1. The young Winston Churchill, who was a war correspondent, took a C-96 to a war in Africa, that much is true.

2. British officers were required to carry a service revolver of the appropriate and common calibre - that is to say - .455 Webley - not an untried item of foreign manufacture in what was seen at the time by the British War Office as being a piddling mouse-killing calibre.

3. I would hazard a guess that you are as likely to find any evidence of an British officer in Africa carrying a Luger as you are to find one carrying a Glock.

As for the Boers, there is very little evidence that they carried handguns at all. Certainly, when I visited the Anglo-Boer War museum in Bloemfontein a few years ago, there were no formerly Boer-owned handguns on display.

My $0.02.

tac
Tac,

It would not be my first bark up the wrong tree. However, I found a book called "Small Arms of the Anglo-Boer War 1899-1902" by Ron Bester and Associates.
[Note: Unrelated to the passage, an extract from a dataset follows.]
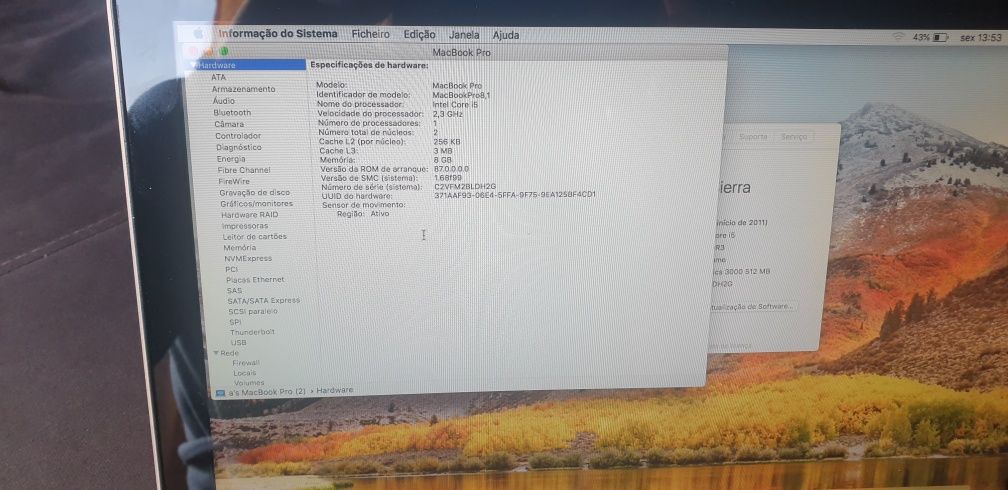 Macbook pro 13 i5 em bom estado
If you are interested in Boer War weapons, this is the book.

In the British Military handguns chapter, he presents data from a survey conducted by the British in 1901 with 360 out of 603 who were polled replying and 40 of them carried Broomies in SA or 11 percent. While not overwhelming, considering the newness of the technology, I think this is a signicant number who don't seem to mind "piddling mouse-killing calibres." There are a few accounts of its use during the conflict.

In the Boer Handguns chapter Mr. Bester confirms the Boers did not use many handguns but when they used them they were Webleys and Mauser Broomhandles. In fact the Broomies were "popular" with those Boers who did carry handguns including Jan Smuts himself.

No mention of Lugers but there were three who carried the Borchardt.